DATA EXTRACT:
■ ■ ■ ■ ■ ■ ■
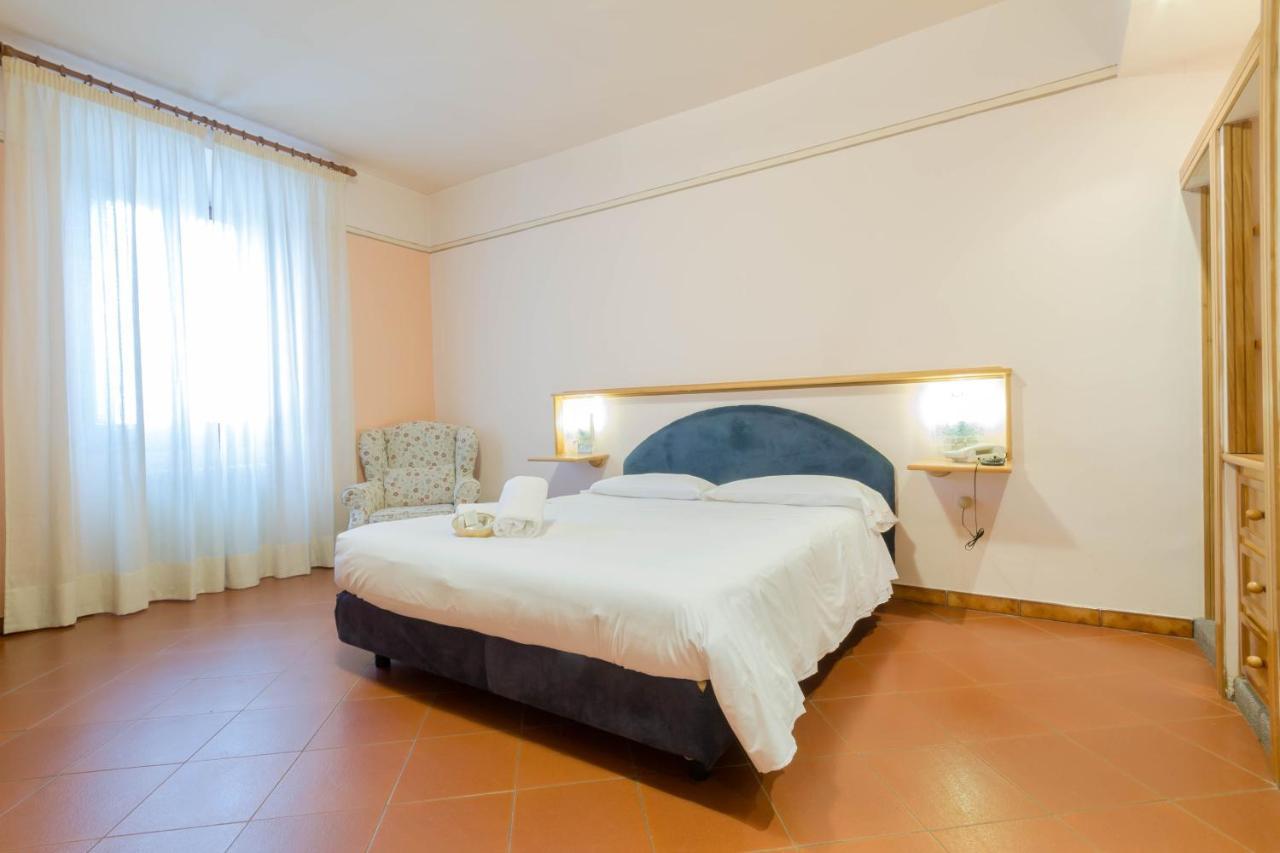 Hotel Alle Vecchie Arcate Pescasseroli Dış mekan fotoğraf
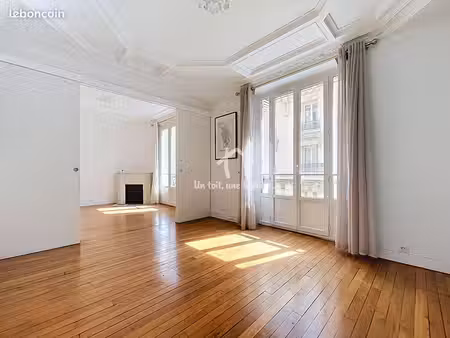 appartement 3 pièces 57 m²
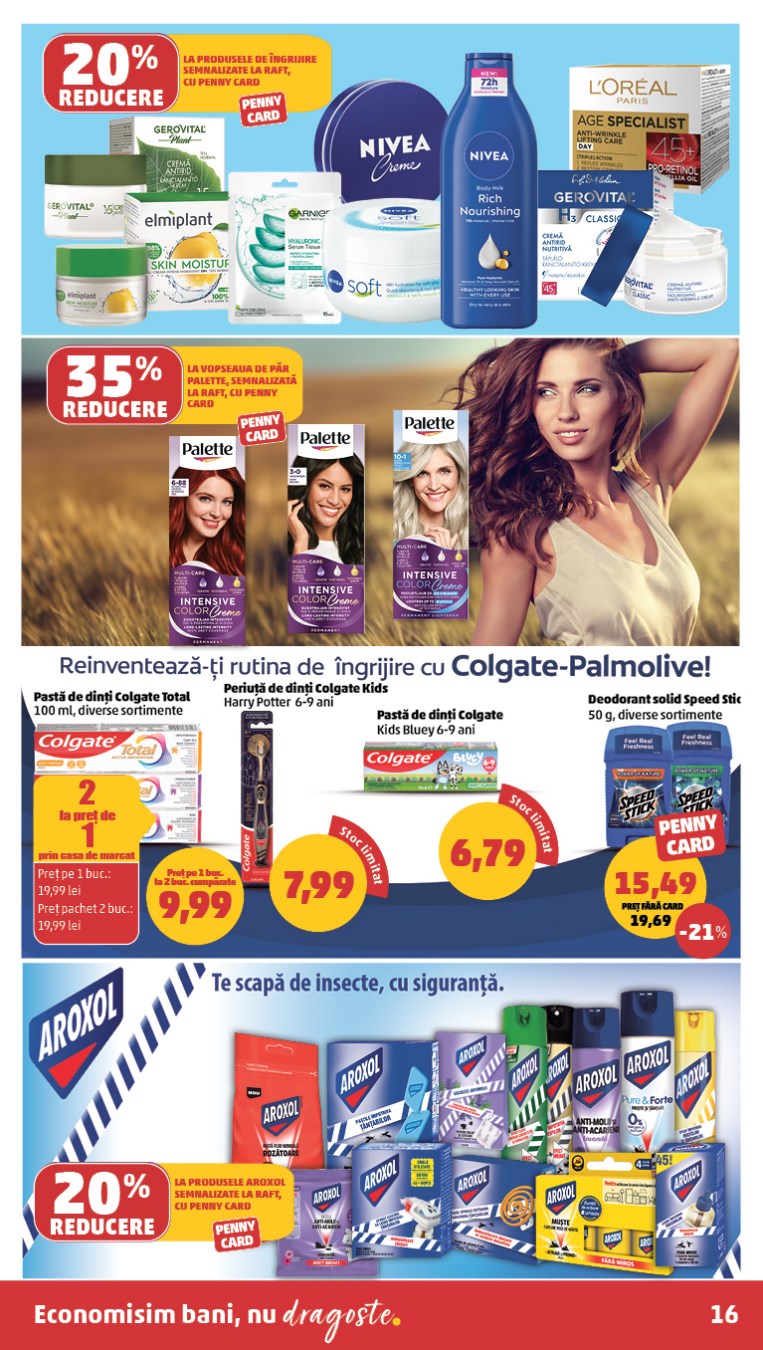 Penny catalog page 16 — 2026-05-06 to 2026-05-12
■ ■ ■ ■ ■ ■ ■
WHAT THE EXERCISE ASKS:
Give back the material exactly as written, images excluded.

WRITTEN SOLUTION:
 Hotel Alle Vecchie Arcate Pescasseroli Dış mekan fotoğraf
 appartement 3 pièces 57 m²
 Penny catalog page 16 — 2026-05-06 to 2026-05-12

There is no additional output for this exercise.